The word “blook” is a contraction of “blog book.” It is a book created when an authro uses his / her blog as the basis to build an audience and ultimately publish a title. Traditional publishers have begun mining the blogosphere for new writers. From all over the world, more evidence is accumulating that blog to book can be a winning strategy for authors. Here are a few samples for your consideration.
For instance, consider this story from BBC News about Anya Peters – a woman who was homeless and lived in her car for nine months. She started a blog in 2006 called the Wandering Scribe. In the summer of 2005, financial and emotional difficulties left Peters living in her car. In February 2006 she began writing her blog . A month later she was featured in a New York Times article. This in turn was picked up by other media and more attention followed. A literary agent who read about her soon had Peters signed up to a book deal with HarperCollins. Her book is “Abandoned: The true story of a girl who didn’t belong.”
The Seattle Times featured a story “Blog to Book deal for two food writers” about two women – Shauna James and Clotilde Dusoulier – in opposite parts of the world who were passionate about food and blogged about it. James is a teacher and a gourmet cook who resides in Seattle. Her blog is glutenfreegirl.com. Her blog receives about 60,000 – 80,000 hits per month. Last August, James signed a book deal with Wiley & Sons to write a food memoir about her transition from eating the prepackaged food she grew up with to becoming a gourmet when she went gluten-free. The book, “Gluten-Free Girl: How I Found the Food That Loves Me Back … And How You Can Too” will headline Wiley’s book list for the fall. Dusoulier grew up in Paris, then transplanted to Silicon Valley where she worked as a software engineer. Her blog,Chocolateandzucchini.com is a recounting of Dusoulier’s life in Paris and an international success. After just 3 ½ years, it receives an astonishing 4.9 million hits a month and was recently featured in The Wall Street Journal as one of the world’s top-five food blogs. She recently publshed her first cookbook, “Chocolate & Zucchini: Daily Adventures in a Parisian Kitchen,” with Broadway Books and has another due out in 2008.

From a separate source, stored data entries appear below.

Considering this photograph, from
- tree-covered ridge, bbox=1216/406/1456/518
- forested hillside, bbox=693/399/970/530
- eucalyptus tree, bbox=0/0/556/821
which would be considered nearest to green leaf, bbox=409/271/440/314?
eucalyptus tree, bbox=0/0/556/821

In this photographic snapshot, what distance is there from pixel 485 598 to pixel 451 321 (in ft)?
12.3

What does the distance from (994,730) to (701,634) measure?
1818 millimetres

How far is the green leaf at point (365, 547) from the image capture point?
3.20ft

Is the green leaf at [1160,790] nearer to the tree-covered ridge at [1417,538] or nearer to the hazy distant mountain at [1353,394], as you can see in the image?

Another story of blog to book success was reported by London’s Daily Telegraph in an aritcle “Petite Anglaise moves from Blog to Book.” It features Catherine Sanderson who wrote a blog known Petite Anglaise – a kind of online diary of her life. She gained fame after being fired for writing a blog on her life as a “Bridget Jones in Paris.” She is finalizing her first book in a publishing deal with Penguin worth almost £500,000 (approximately $1 million). She could earn even more from film rights after the book appears early next year.
A South African publisher, Oshun, published its first title adapted from a blog. The publisher gives a good account of the thinking that led them to the decision to publish. The blog – at http://www.tertia.org is authored by Tertia Albertyn and is focused on South African issues. It is one of the top blogs in the country, counting 3,000 unique visitors per day. The book that resulted from the blog was “So Close.”
In most of these cases, the author’s story is as intersting as the blooks they created.